Without the pictures, return each record as it appears.

━━ DATA TO PROCESS ━━

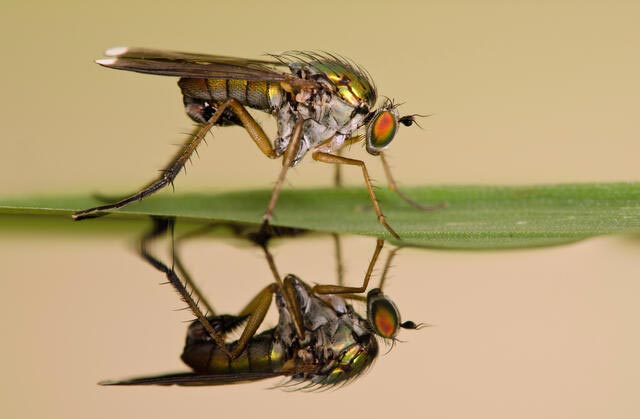 fly with its reflection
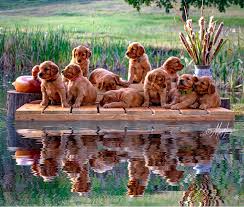The current median price for all golden we are a small family breeder, we are very proud of the goldens we breed, we breed for color which is the darker golden and we breed for. Redtail Golden Retrievers Redtail Golden Retrievers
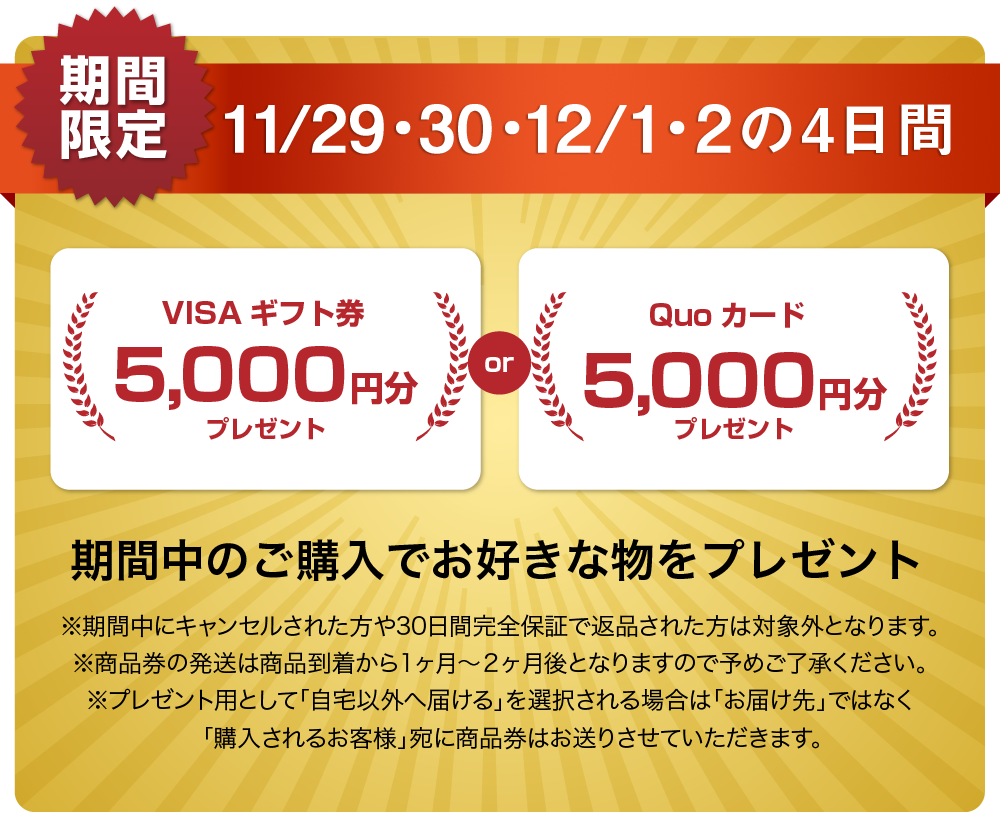 QUOカードまたはVISAギフト券5000円分プレゼントキャンペーン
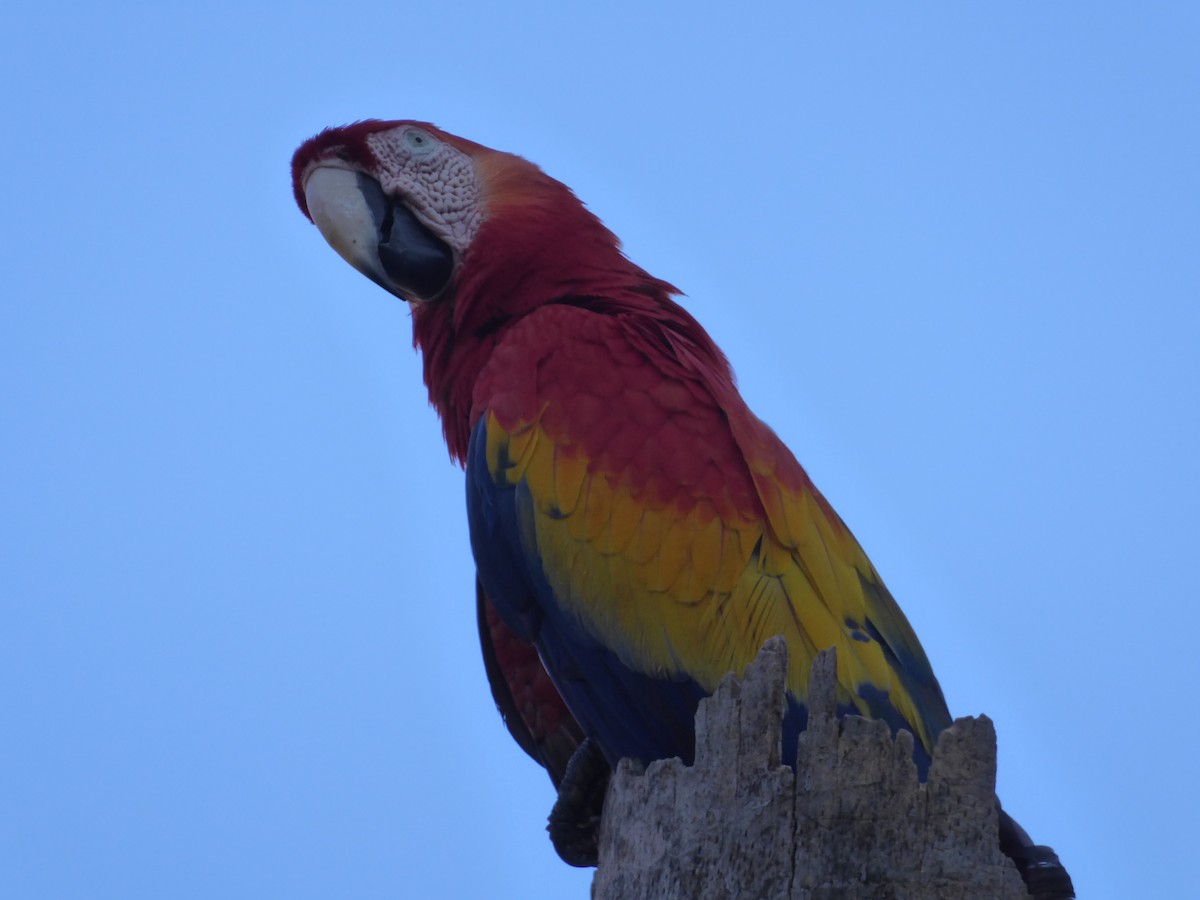 Scarlet Macaw - ML152502551
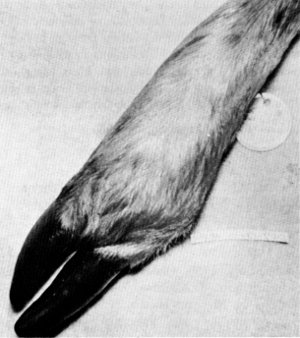 Figure 14.—Arthritis in right hind foot of specimen
M-28. (Photo courtesy of University of
Minnesota Veterinary Diagnostic Laboratory.)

━━━

SOLUTION TO THE PROBLEM:
 fly with its reflection
The current median price for all golden we are a small family breeder, we are very proud of the goldens we breed, we breed for color which is the darker golden and we breed for. Redtail Golden Retrievers Redtail Golden Retrievers
 QUOカードまたはVISAギフト券5000円分プレゼントキャンペーン
 Scarlet Macaw - ML152502551
 Figure 14.—Arthritis in right hind foot of specimen
M-28. (Photo courtesy of University of
Minnesota Veterinary Diagnostic Laboratory.)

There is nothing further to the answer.